We start by generating noisy data from a model of beam propagating through a single quad magnet (characterized by a magnetic strength `K1`). In order to simulate fluctuations in beam parameters and noise in the beam size measurement, we add noise in the model.

In [None]:
from cheetah.particles import ParameterBeam
from cheetah.accelerator import Drift, Quadrupole, Segment

incoming_beam = ParameterBeam.from_twiss(
    beta_x=torch.tensor(5.0),
    alpha_x=torch.tensor(0.0),
    emittance_x=torch.tensor(1e-8)
)

beamline = Segment(
    [
        Drift(length=torch.tensor(1.0)),
        Quadrupole(name="Q1",length=torch.tensor(0.1)),
        Drift(length=torch.tensor(1.0))
    ]
)

def calculate_x_beamsize(K, add_noise=False):
    # set beamline parameters
    beamline.Q1.k1 = K

    # track the beam
    final_beam = beamline.track(incoming_beam)

    # noise
    if add_noise:
        noise = torch.randn_like(K) * 1e-1
    else:
        noise = 0.0

    # return the beam size in x (in mm)
    return final_beam.sigma_x * 1e3 + noise

In [None]:
# Generate 400 samples for K1 varying between -300 and 300
n_samples = 400
bounds = torch.tensor([-30.0, 30.0])
train_x = torch.rand(n_samples) * (bounds[1] - bounds[0]) + bounds[0]
train_x = train_x.reshape(-1,1)
train_y = torch.cat([calculate_x_beamsize(train_x, add_noise=True)]).detach()

In [None]:
plt.plot(train_x, train_y, '.' )
plt.xlabel('Magnetic strength K1')
plt.ylabel('Beam size')

# Gaussian process

Here we fit a Gaussian process to the data, we draw a few samples from the GP and plot them, along with the uncertainty.

In [None]:
# Define a Gaussian Process model with Matern(5/2) kernel and Gaussian likelihood
gp = SingleTaskGP(
    train_x.double(), train_y.double(),
    input_transform=Normalize(d=1),
    outcome_transform=Standardize(m=1),
)

# Train model hyperparameters by minimizing negative-Log-Marginal-Likelihood
mll = ExactMarginalLogLikelihood(gp.likelihood, gp)
fit_gpytorch_mll(mll);

In [None]:
# Plot the original training data
plt.plot(train_x, train_y, '.', alpha=0.3)

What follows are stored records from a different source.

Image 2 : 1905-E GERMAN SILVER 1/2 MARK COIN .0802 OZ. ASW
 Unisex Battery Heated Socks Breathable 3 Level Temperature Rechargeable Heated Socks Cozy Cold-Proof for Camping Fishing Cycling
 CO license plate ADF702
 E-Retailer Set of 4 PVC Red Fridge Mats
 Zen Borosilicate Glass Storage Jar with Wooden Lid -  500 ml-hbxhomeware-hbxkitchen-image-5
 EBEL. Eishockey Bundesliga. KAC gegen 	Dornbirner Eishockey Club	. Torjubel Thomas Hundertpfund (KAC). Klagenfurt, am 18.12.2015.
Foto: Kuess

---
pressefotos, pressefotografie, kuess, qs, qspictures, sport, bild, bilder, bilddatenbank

# Draw samples of the GP, and plot them over the interval -0.5, 1.5
x = torch.linspace(-50.0, 50.0, 200).reshape(-1,1)
p = gp.posterior(x, observation_noise=False)

for _ in range(10):
    sample, = p.rsample()
    plt.plot( x.flatten(), sample.detach().numpy().flatten(), alpha=0.5 )

# Plot the analytical uncertainty
m = p.mean
l,u = p.mvn.confidence_region()
plt.fill_between( x.flatten(), l.detach().numpy(), u.detach().numpy(), color='b', alpha=0.2)

plt.xlabel('Normalized magnetic strength K1')
plt.ylabel('Normalized beam size')

> ### **Task:**
> Does the uncertainty behave as expected? In which way? Does the predicted uncertainty capture the aleatoric part or only the epistemic part? Copy the above code below, and change `observation_noise` from `False` to `True`. Does it now capture the aleatoric part or only the epistemic part?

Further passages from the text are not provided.